[[ Information given, beginning ]]
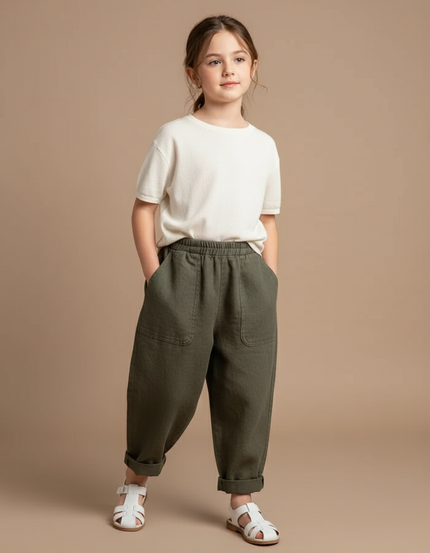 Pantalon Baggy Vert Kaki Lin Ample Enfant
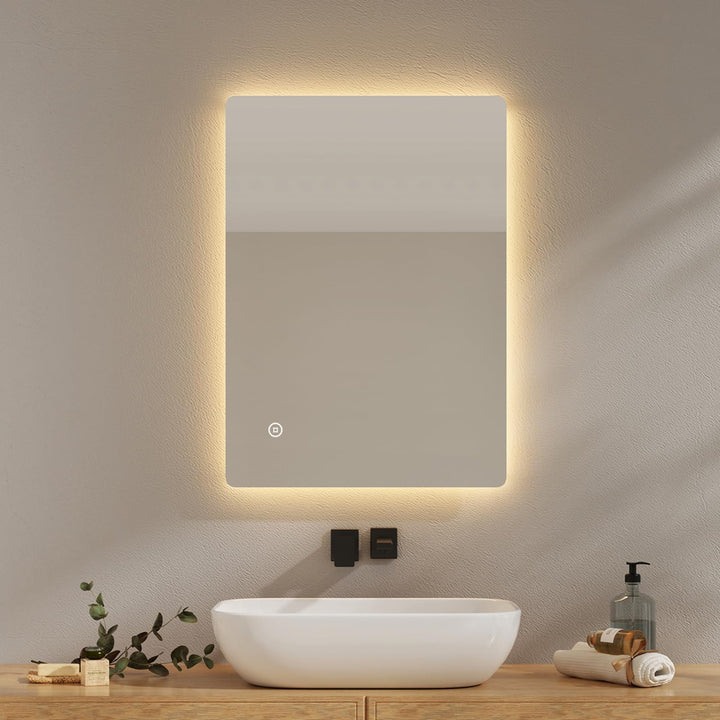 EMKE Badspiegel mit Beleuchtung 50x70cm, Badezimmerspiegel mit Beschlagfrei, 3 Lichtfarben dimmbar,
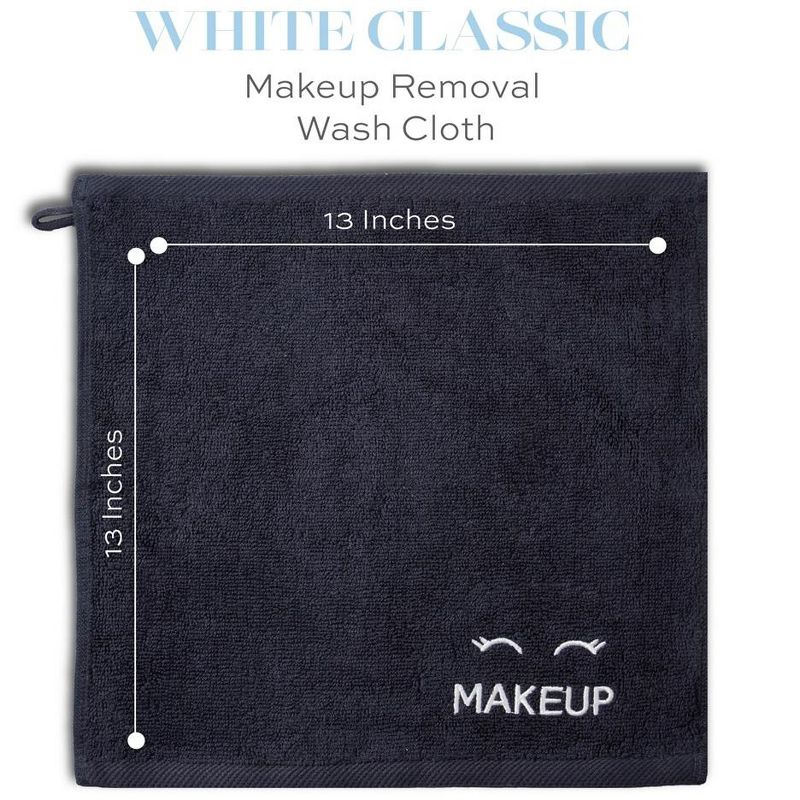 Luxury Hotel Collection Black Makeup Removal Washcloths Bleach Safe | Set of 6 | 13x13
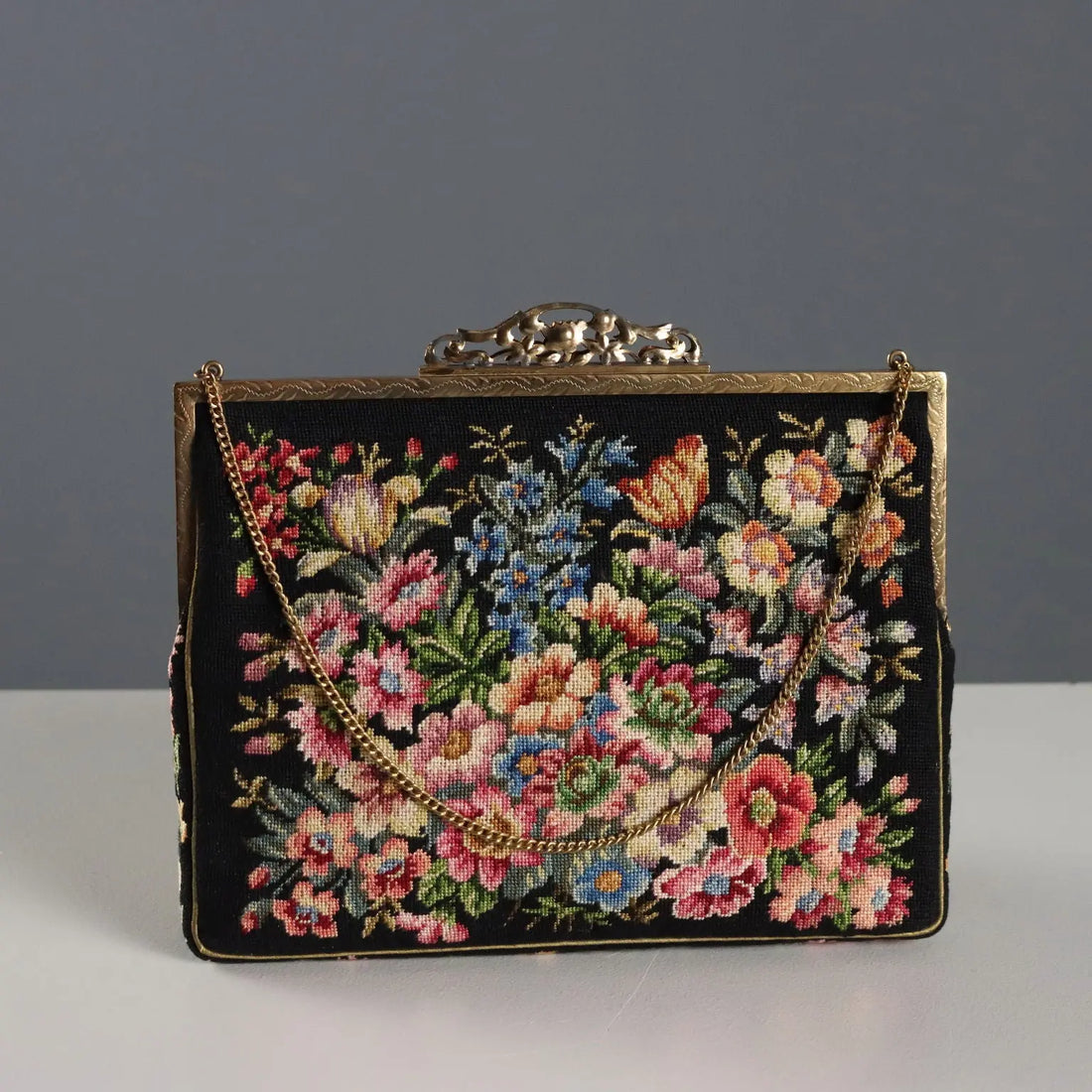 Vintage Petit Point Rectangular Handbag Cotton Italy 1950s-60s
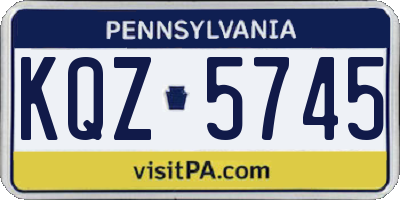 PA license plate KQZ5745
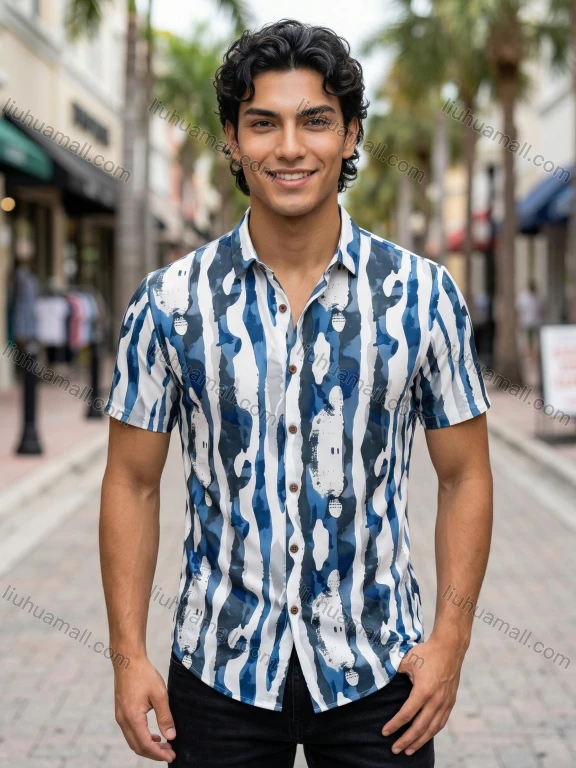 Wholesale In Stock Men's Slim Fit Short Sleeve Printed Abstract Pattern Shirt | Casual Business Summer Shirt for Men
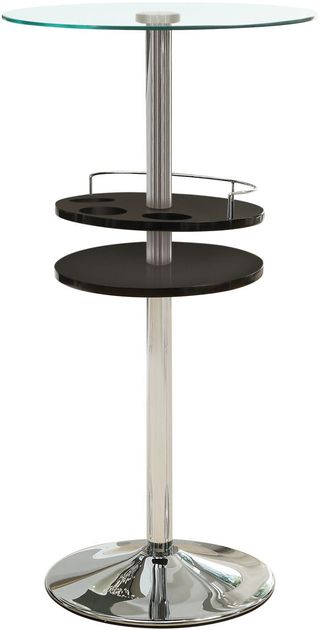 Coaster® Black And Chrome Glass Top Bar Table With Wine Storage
[[ Information given, end ]]
## Assigned task
Exactly as written, give again every line from the one containing "Luxury Hotel Collection" through the last line of the material, both included, with the pictures left out.

## Output below
 Luxury Hotel Collection Black Makeup Removal Washcloths Bleach Safe | Set of 6 | 13x13
 Vintage Petit Point Rectangular Handbag Cotton Italy 1950s-60s
 PA license plate KQZ5745
 Wholesale In Stock Men's Slim Fit Short Sleeve Printed Abstract Pattern Shirt | Casual Business Summer Shirt for Men
 Coaster® Black And Chrome Glass Top Bar Table With Wine Storage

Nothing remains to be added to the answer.